Mr Muscat won the election in June but she has not relented in her opposition on her influential blog, which was read by 400,000 people on a good day, according to Politico. She gave evidence to the inquiry investigating her claims about Mr Muscat and her final message on Twitter referred to a senior member of his staff as “that crook”.

Her campaign against political corruption spanned the political divide. Since the election, she turned her fire on the new leader of the opposition, Adrian Delia, with a new series of scandalous stories that resulted in four new libel cases. They will be dropped following her death.

Both Mr Muscat and Mr Delia denounced the killing. “Everyone knows Caruana Galizia was a harsh critic of mine, both politically and personally, but nobody can justify this barbaric act in any way,” said Mr Muscat.

The 51-year-old had previously reported threats made against her, according to local media. Burning tyres were left against the door of her house 11 years ago in an unsuccessful murder attempt, her former newspaper reported on Tuesday.

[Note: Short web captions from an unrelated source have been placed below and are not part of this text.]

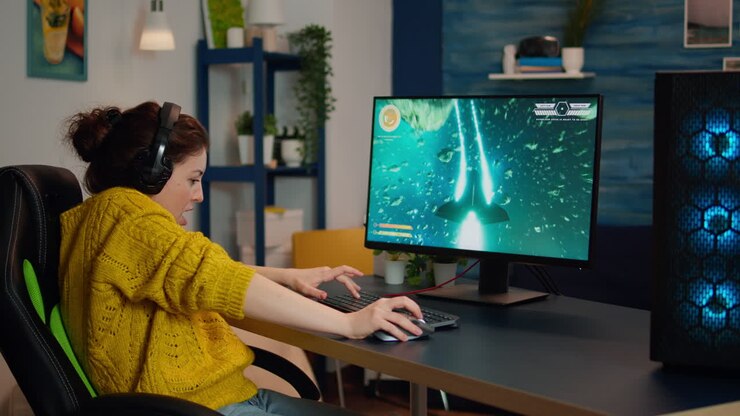 Bagfra-billede af glad gamer, der spiller og vinder rumskydespil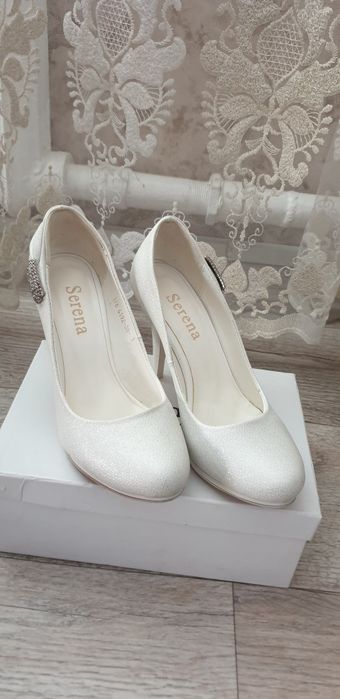 Продам туфли в хорошем состояние.
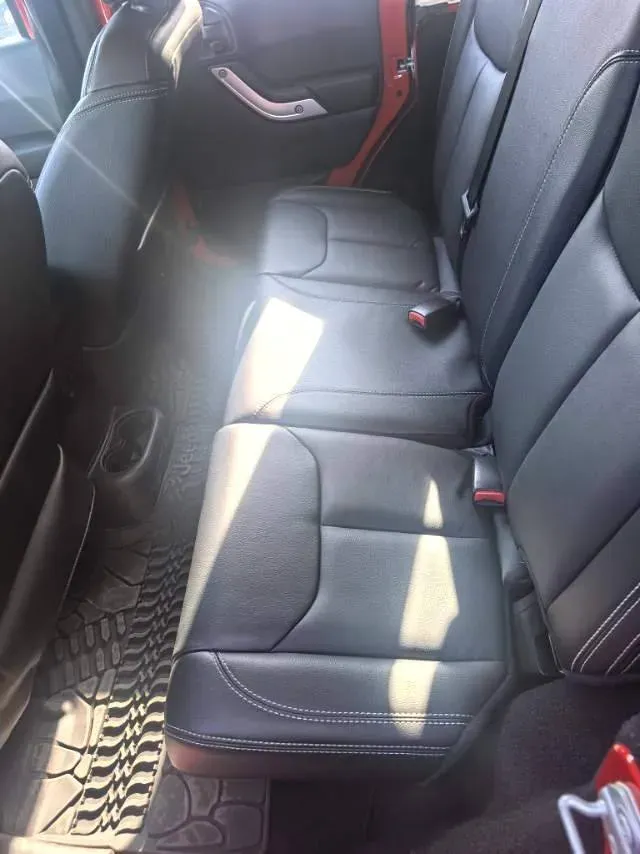 2017 Jeep Wrangler 3.0L 234HP V6 5AT,autocango,china used car exporter,china ev exporter,chinese used car exporter,chinese used ev exporter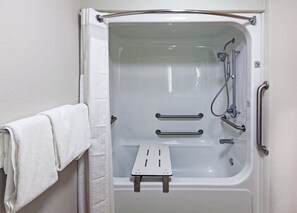 Peralatan tempat tidur hipoalergenik, peti besi dalam bilik, meja 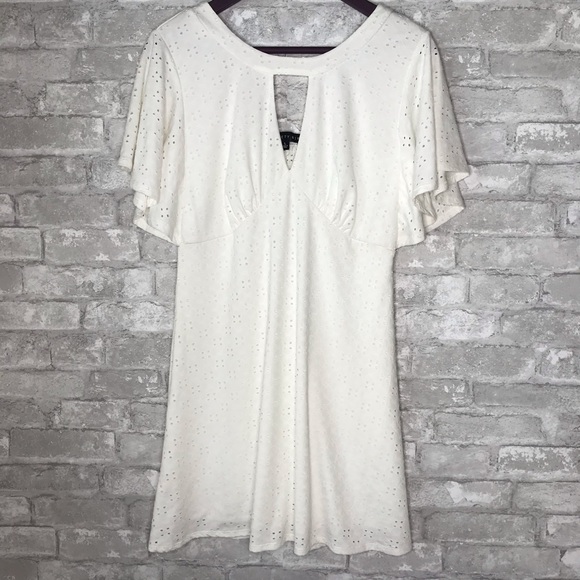 Society Girl Dresses & Skirts - 🎉Society Girl | key hole white dress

“The capacity of chippy Maltese men to bear grudges against women for a life time never fails to amaze me,” she said in one typically forthright exchange with one former senior minister. “Join the queue.”

Ms Caruana Galizia’s death led to protests for justice outside the country’s law courts. Her last words on her blog – “There are crooks everywhere you look now. The situation is desperate” – were daubed on the side of a road. In a sign of the contrasting emotions that she provoked, one police officer who posted a message on Facebook saying that “Everyone gets what they deserve” was suspended from his post.

“Now what was many times foretold, threatened, wished for by people who despised her has finally happened,” the Malta Independent, a former employer, wrote in an editorial, adding that “no one was safe from her barbs”.

“There is a sort of inevitability in what happened. It makes Malta resemble all the more a Central or Latin American country where journalists are kidnapped, killed or just disappear.”

Even when her targets had employed expensive lawyers to push back against her claims, she refused to be cowed. She posted emails online from an exchange with one of the world’s leading libel firms Mishcon de Reya after its client took exception to stories about corruption over the government-sanctioned sale of Maltese passports to foreigners.

She gave evidence to EU lawmakers during a year-long investigation into the Panama Papers and the use of offshore jurisdictions to launder money and avoid taxation. Malta was the only EU country with a serving minister named in records leaked from the Panamanian law firm Mossack Fonseca.

Her son Matthew, a journalist and a witness to the aftermath of the blast, worked as part of the international team that published the leaked documents. In an emotional Facebook post, he blamed the failure of the country’s institutions for the death of his mother.

This is what war looks like, he wrote. “We are a people at war against the state and organised crime, which have become indistinguishable,” he wrote.

The original magistrate investigating the murder was replaced on Tuesday after the family pointed out that Ms Caruana Galizia had criticised him in one of her blogs. The WikiLeaks founder Julian Assange has offered a 20,000 euro reward for help in bringing her killer to justice.

Despite offers of assistance from the Dutch police and the FBI, the investigation will test a Maltese government blamed by Mr Caruana Galizia along with a “long list of police commissioners” for encouraging a “culture of impunity”.

On her blog, Ms Caruana Galizia shared that scepticism. When one supporter encouraged her to keep working and as the truth “always” prevailed, she responded: “It doesn’t you know, not really.”